Recent advances in basic and clinical aspects of inflammatory bowel disease: which steps in the mucosal inflammation should we block for the treatment of inflammatory bowel disease?

Abstract

There are four steps in the interaction between intestinal microbes and mucosal inflammation in genetically predisposed individuals from the viewpoints of basic and clinical aspects of inflammatory bowel disease (IBD). The first step is an interaction between intestinal microbes or their components and intestinal epithelial cells via receptors, the second step an interaction between macrophages and dendritic cells and mucosal lymphocytes, the third step an interaction between lymphocytes and vascular endothelial cells, and the fourth step an interaction between lymphocytes and granulocytes producing proinflammatory cytokines or free radicals and mucosal damage and repair.

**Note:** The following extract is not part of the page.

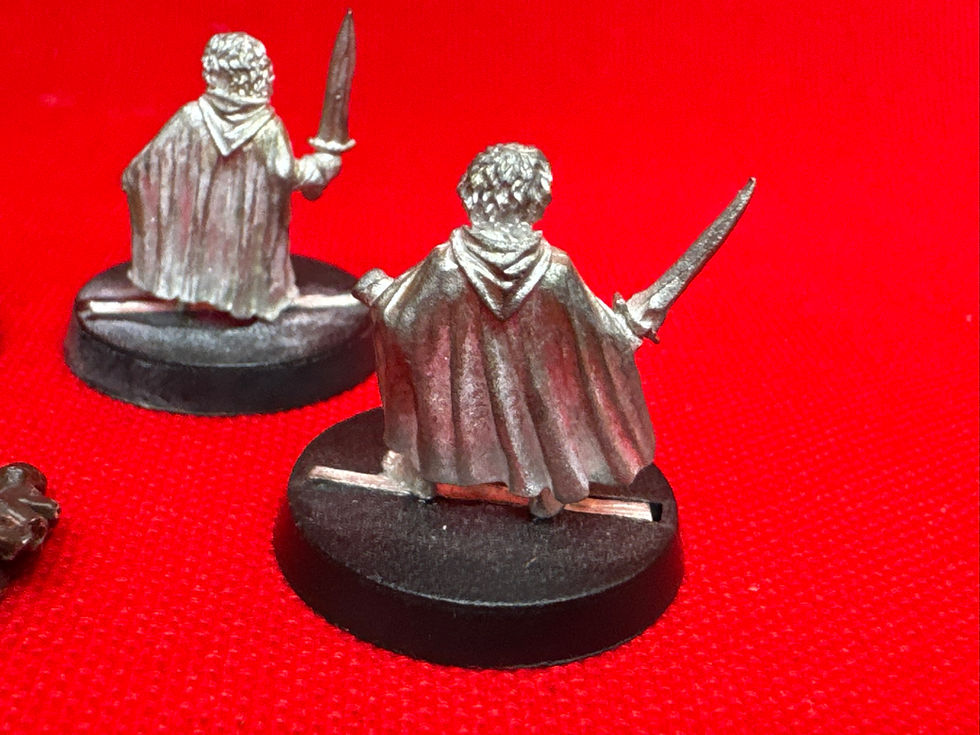 Thumbnail: Frodo, Sam, merry and pippin   Attack at Weathertop versions   (HAW PP)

Recent therapeutic approaches for IBD aim to block these four steps in the intestinal inflammation of patients with IBD.

Figure 1

Schema of the pathogenesis of Crohn’s disease. TLR: toll-like receptors; IL: interleukin; TNF: tumor necrosis factor; ECM: extracellular matrix; TGF: transforming growth factor.

Figure 2

Schema of the pathogenesis of ulcerative colitis. IL: interleukin; MCP: monocyte chemoattractant protein; TNF: tumor necrosis factor; APC: antigen-presenting cells; LPL: lamina propria lymphocytes; AcCD4Tcell: activated CD4Tcell; PMN: polymorphonuclear cell; ROS: reactive oxygen species; mono: monocyte; MadCAM: mucosal addressin cell adhesion molecule; VCAM: vascular cell adhesion molecule.